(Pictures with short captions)
%%

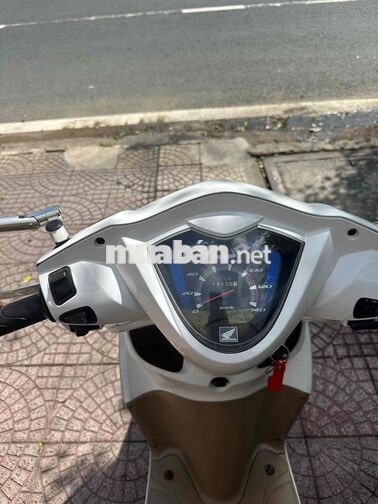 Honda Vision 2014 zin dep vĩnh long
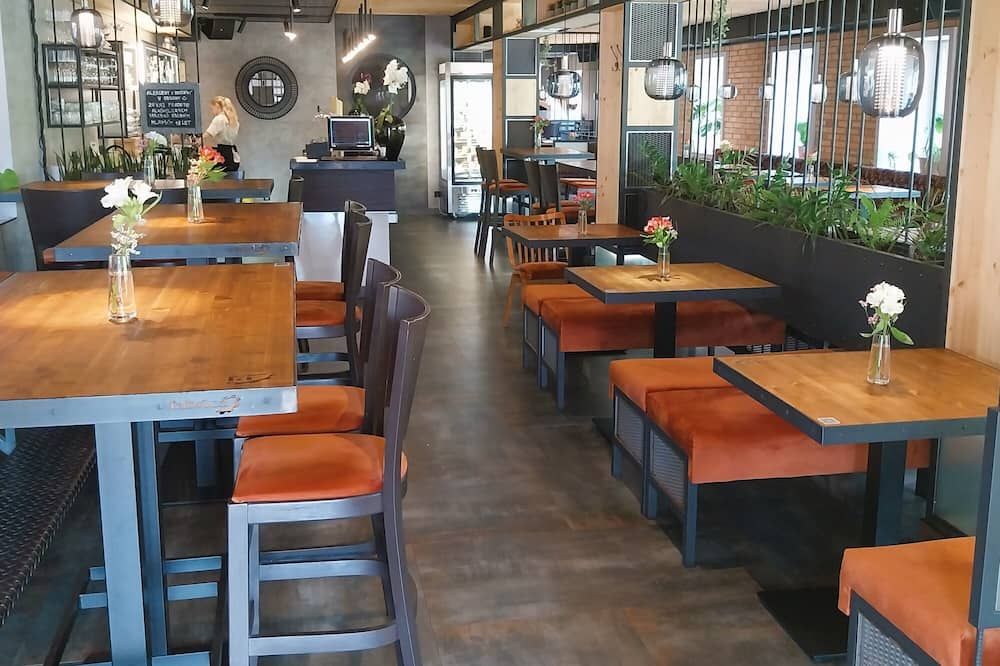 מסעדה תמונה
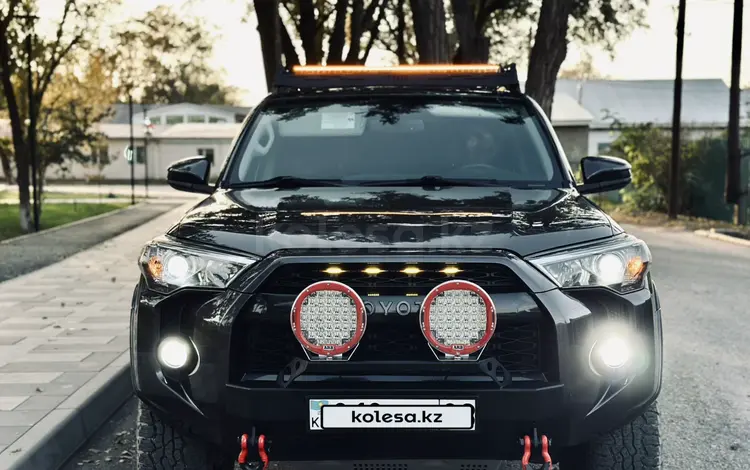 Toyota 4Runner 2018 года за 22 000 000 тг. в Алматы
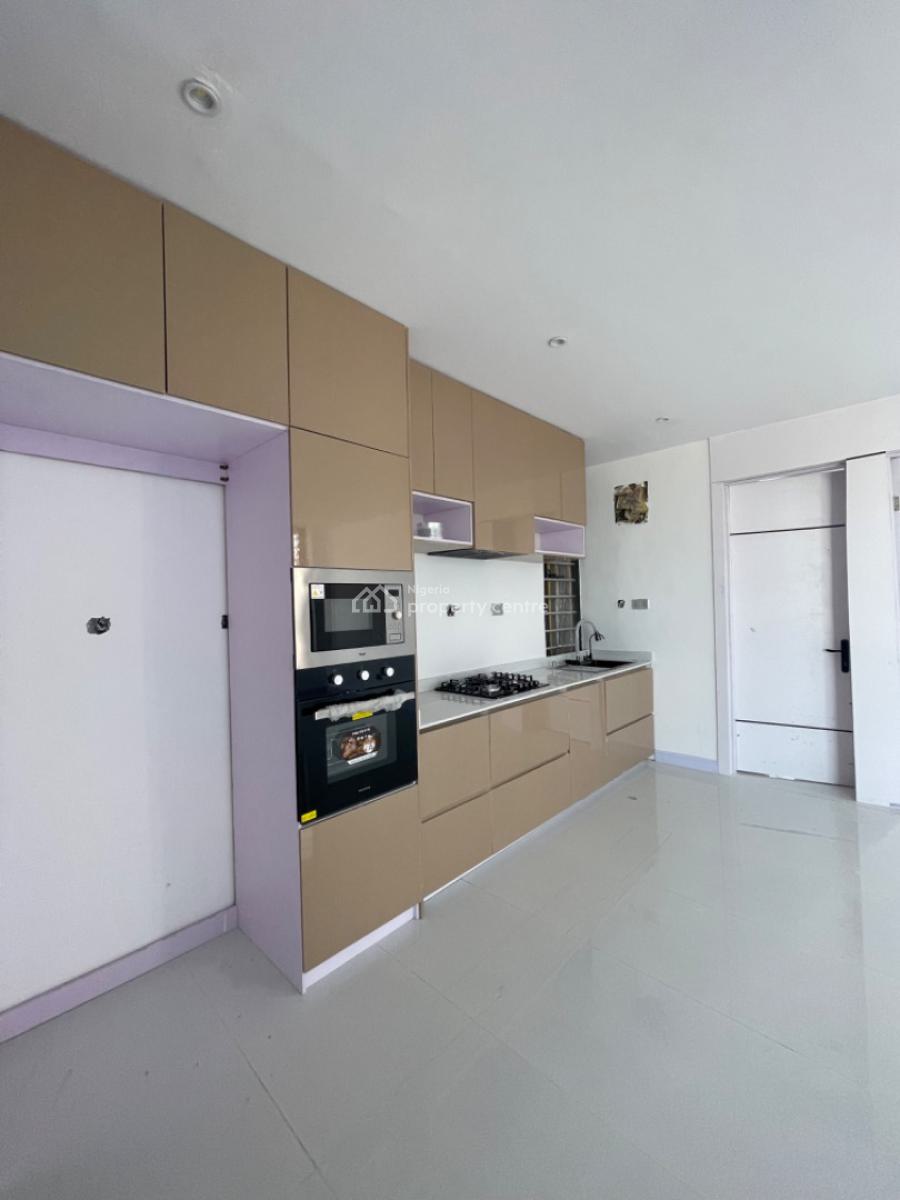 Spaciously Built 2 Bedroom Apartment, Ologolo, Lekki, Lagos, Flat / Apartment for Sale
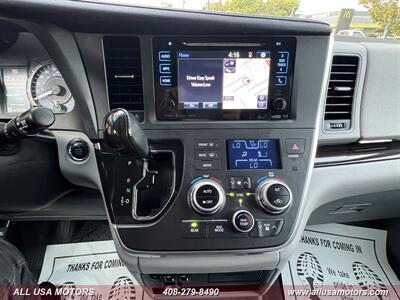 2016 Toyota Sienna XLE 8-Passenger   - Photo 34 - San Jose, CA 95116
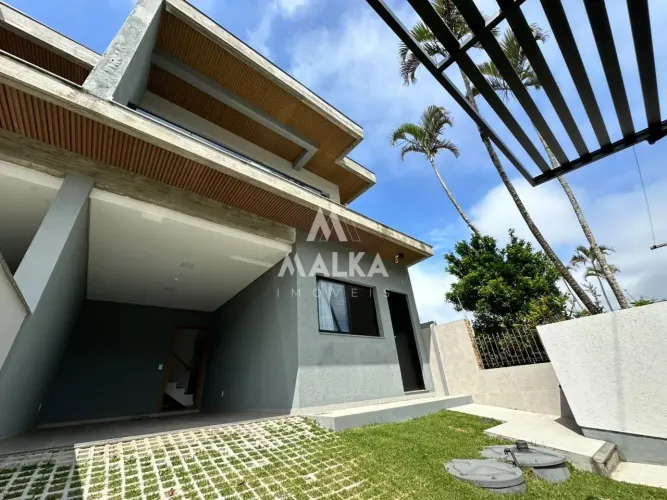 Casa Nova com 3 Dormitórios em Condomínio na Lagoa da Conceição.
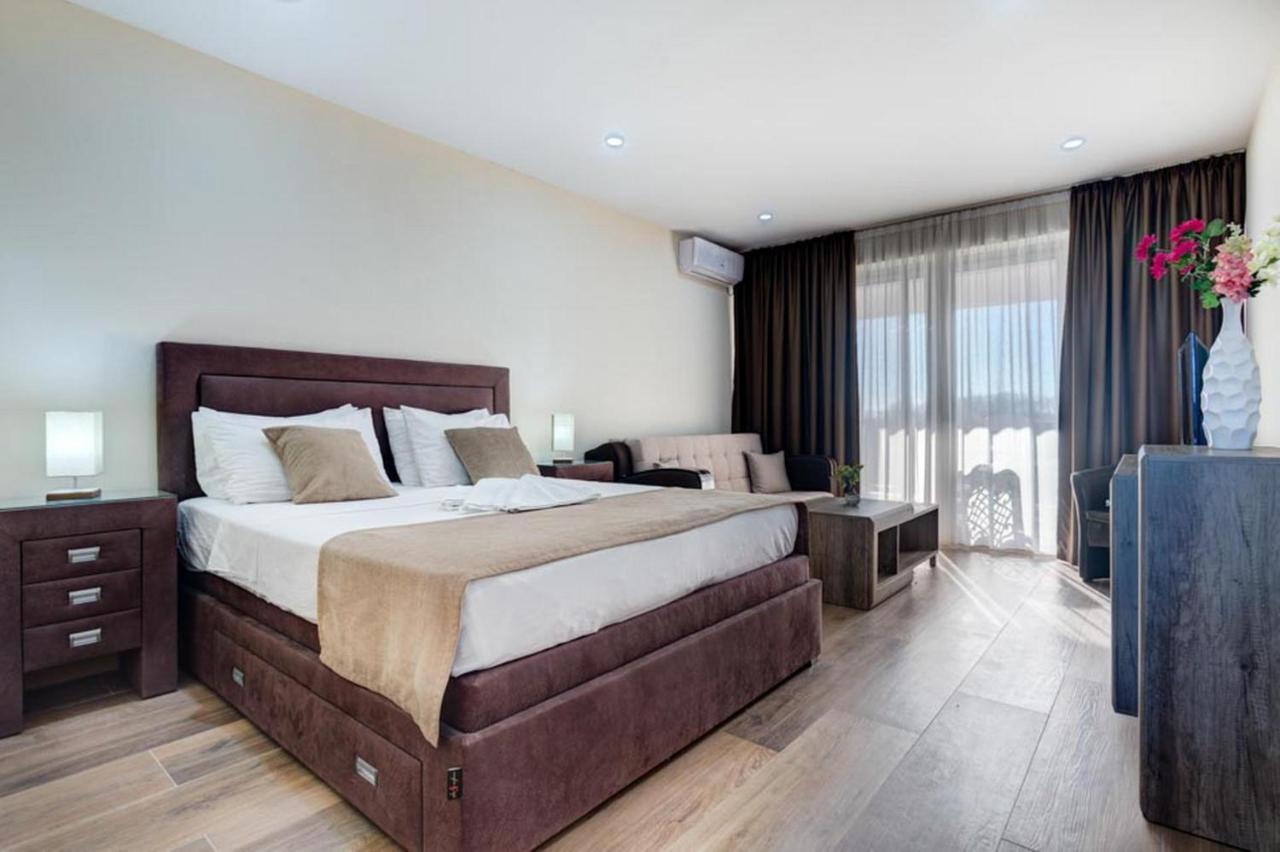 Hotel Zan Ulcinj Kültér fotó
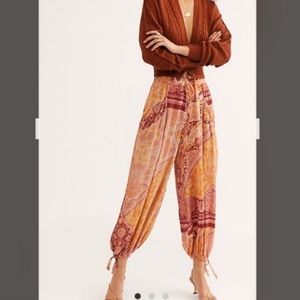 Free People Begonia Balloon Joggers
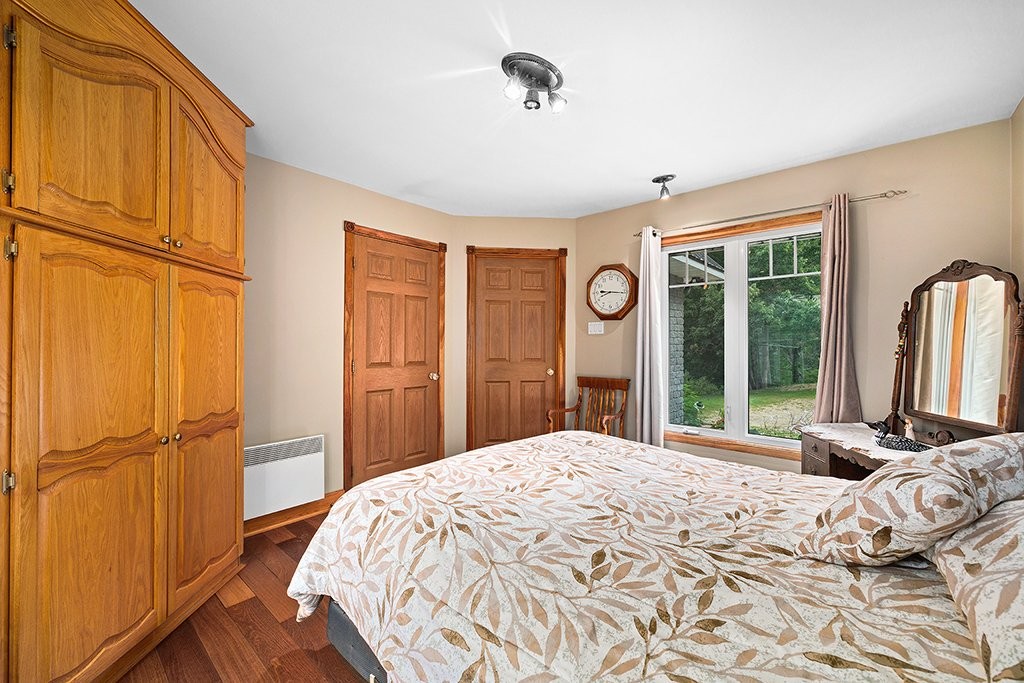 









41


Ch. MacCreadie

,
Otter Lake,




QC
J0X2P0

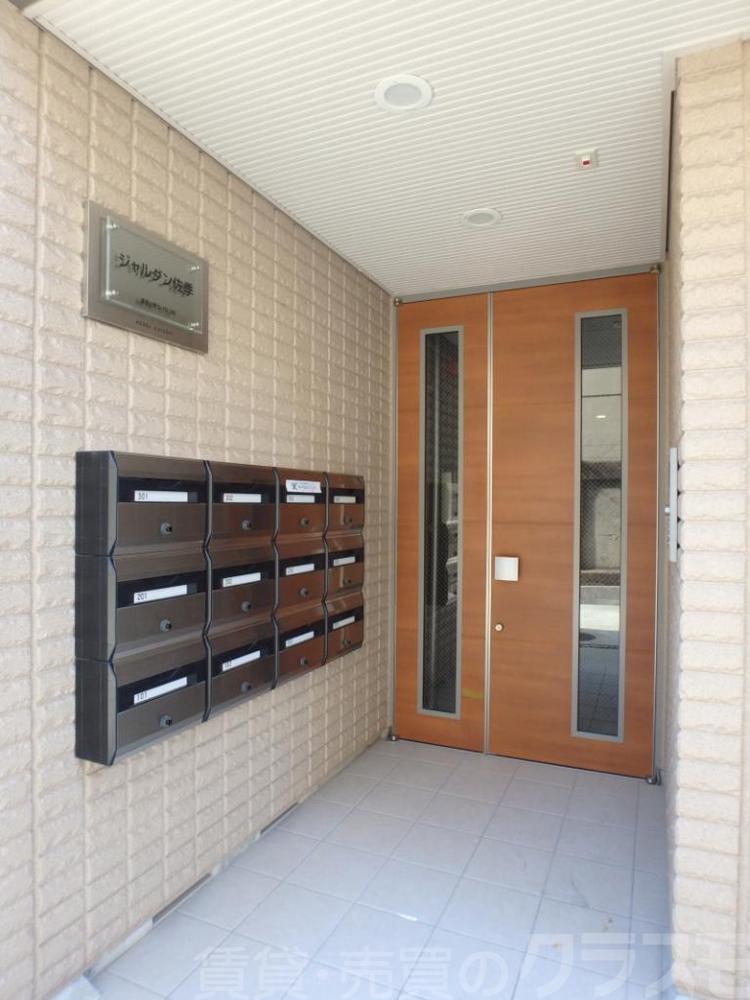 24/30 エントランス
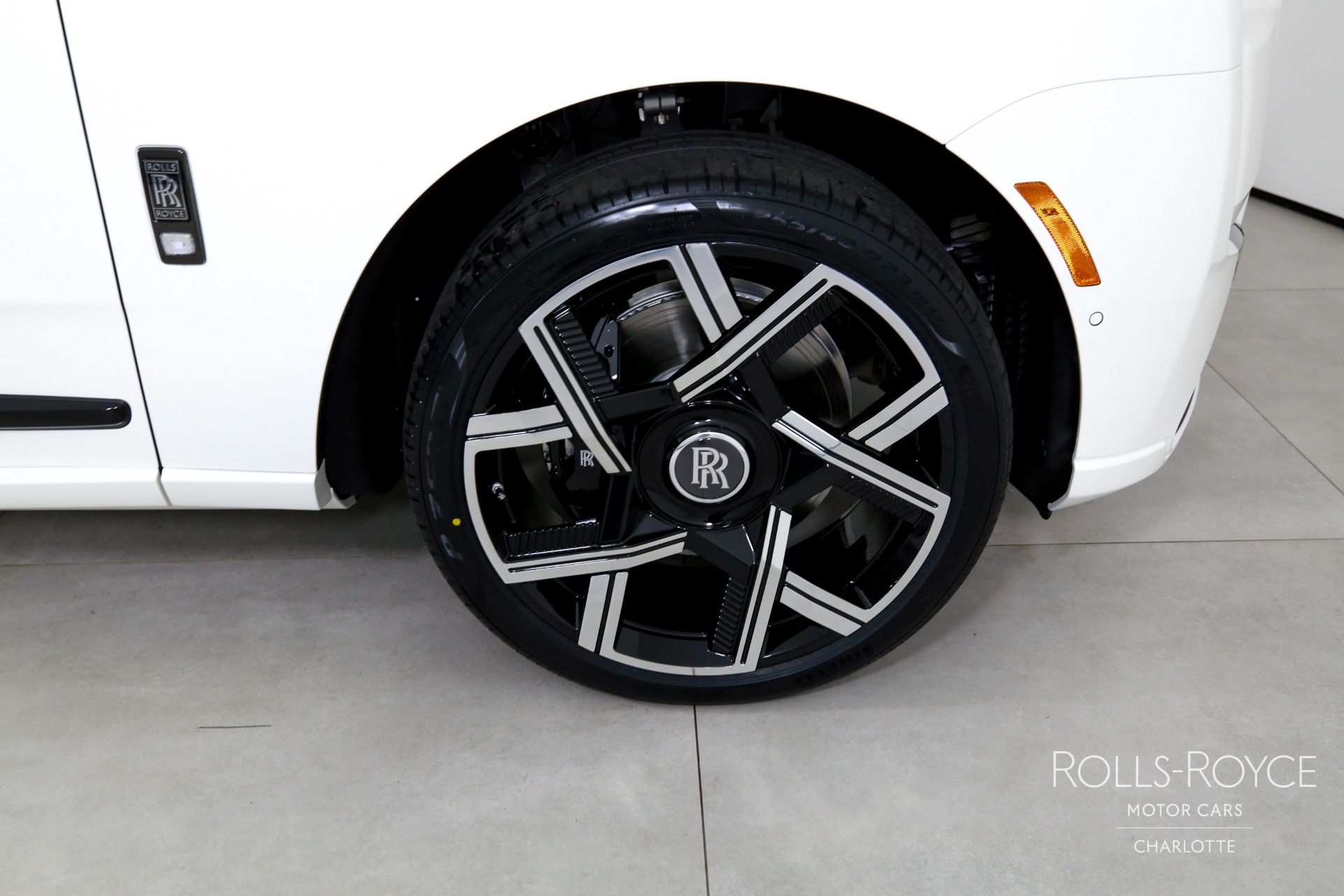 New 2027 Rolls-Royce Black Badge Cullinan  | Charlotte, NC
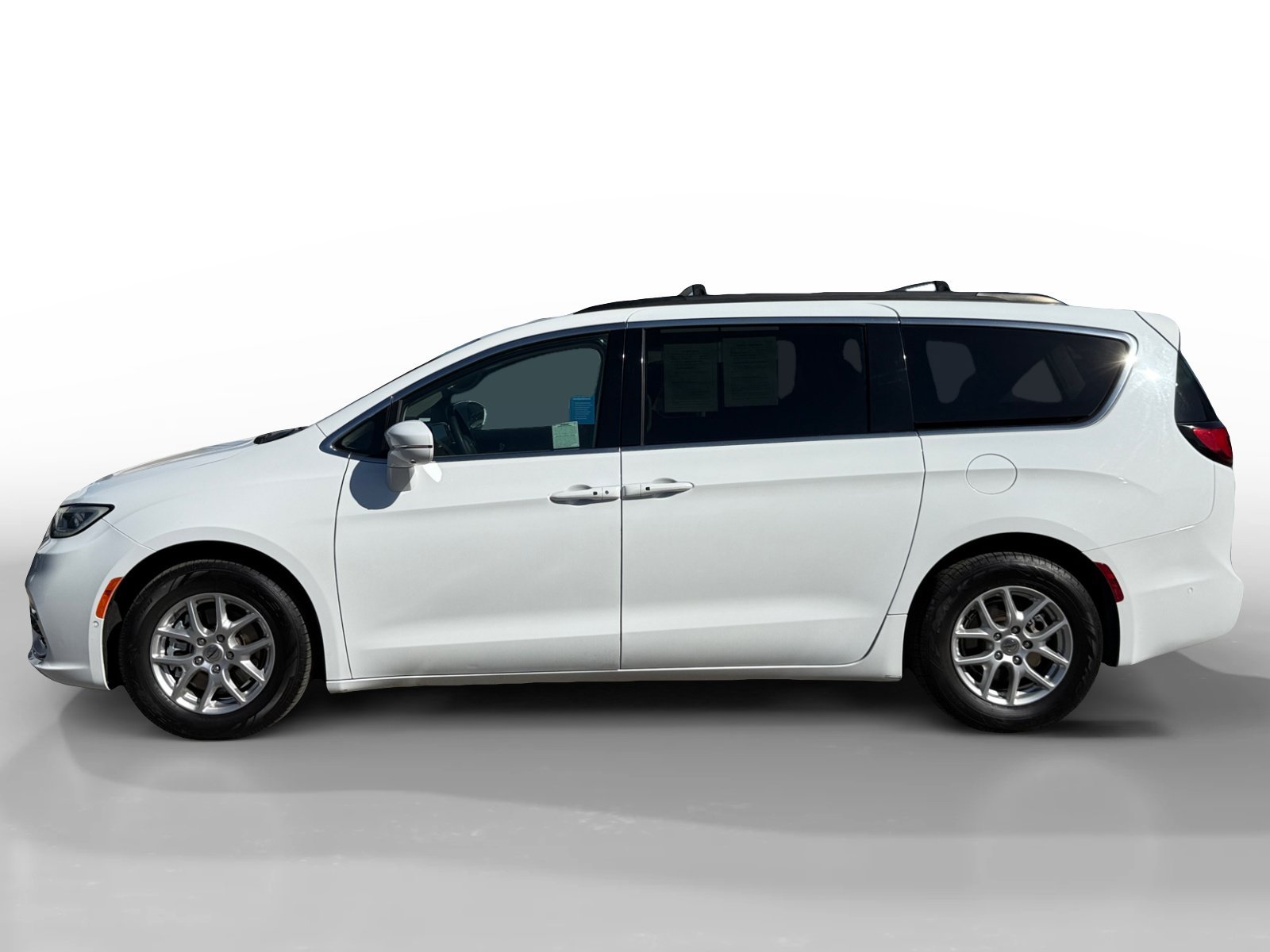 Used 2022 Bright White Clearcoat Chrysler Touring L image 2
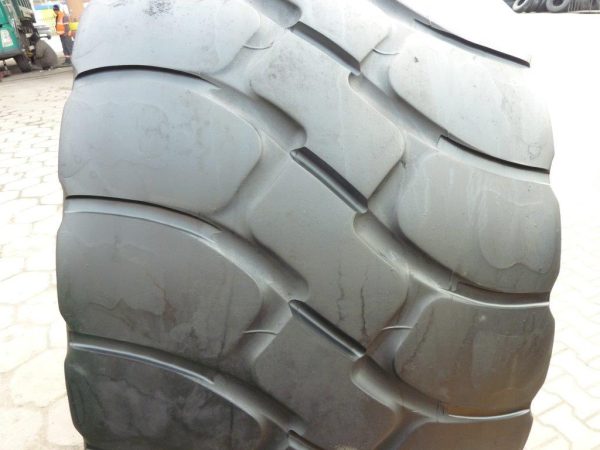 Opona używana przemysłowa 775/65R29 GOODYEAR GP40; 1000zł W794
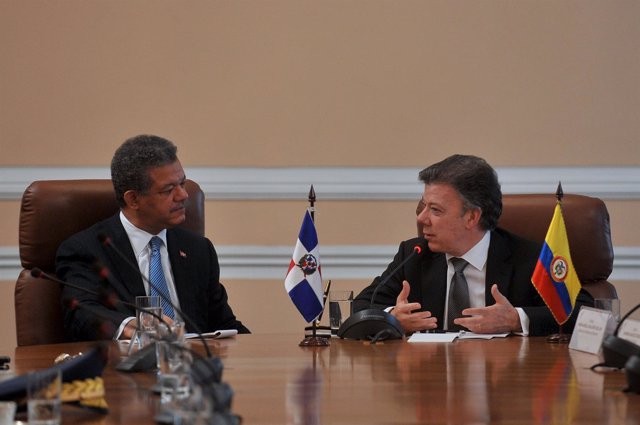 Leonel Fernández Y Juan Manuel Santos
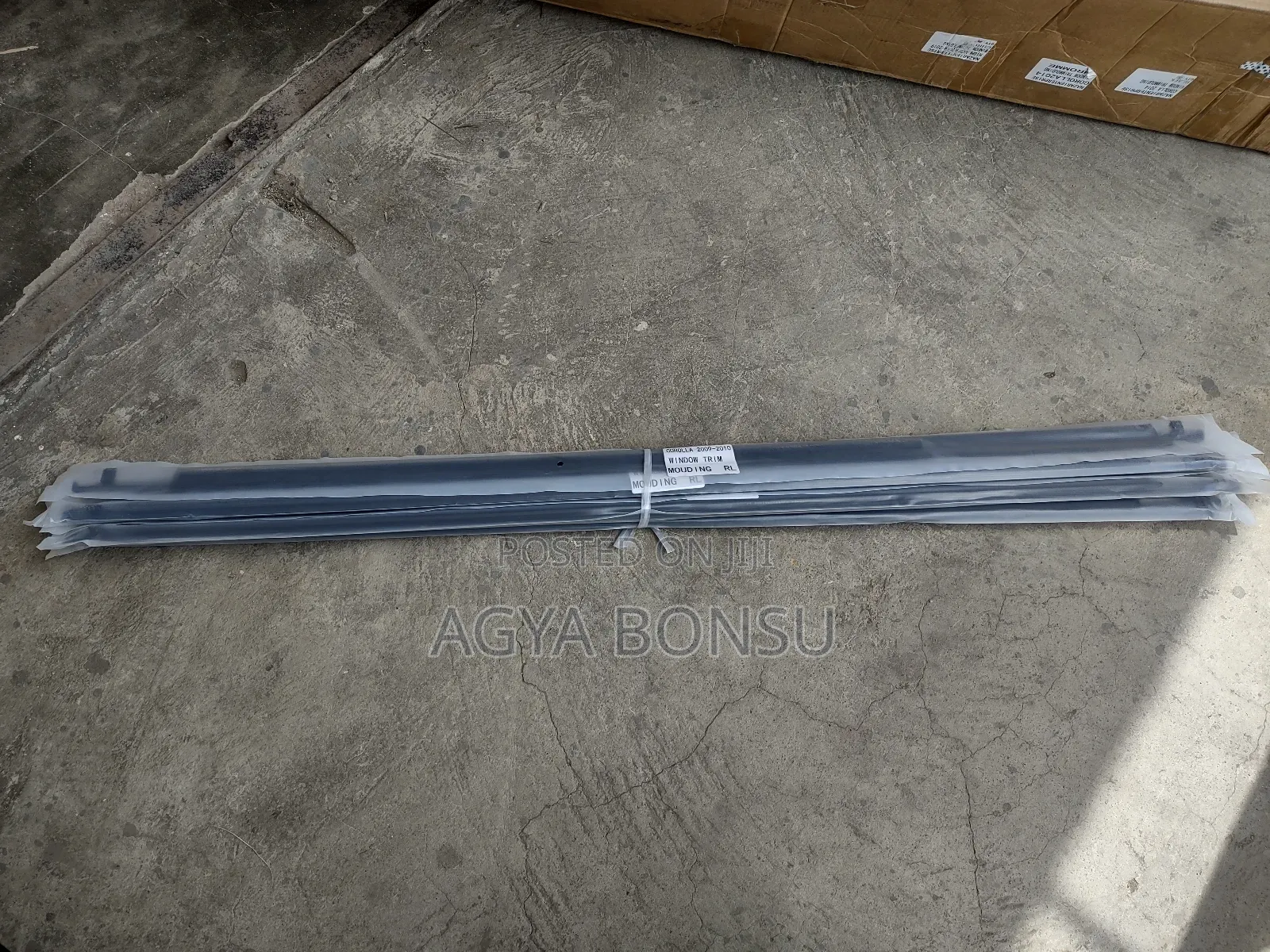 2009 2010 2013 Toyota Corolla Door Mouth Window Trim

%%

● **Required action**
Needed here is a verbatim copy of the data from the first line through the line with "24/30 エントランス", without pictures.

● **Result**
 Honda Vision 2014 zin dep vĩnh long
 מסעדה תמונה
 Toyota 4Runner 2018 года за 22 000 000 тг. в Алматы
 Spaciously Built 2 Bedroom Apartment, Ologolo, Lekki, Lagos, Flat / Apartment for Sale
 2016 Toyota Sienna XLE 8-Passenger   - Photo 34 - San Jose, CA 95116
 Casa Nova com 3 Dormitórios em Condomínio na Lagoa da Conceição.
 Hotel Zan Ulcinj Kültér fotó
 Free People Begonia Balloon Joggers









41


Ch. MacCreadie

,
Otter Lake,




QC
J0X2P0

 24/30 エントランス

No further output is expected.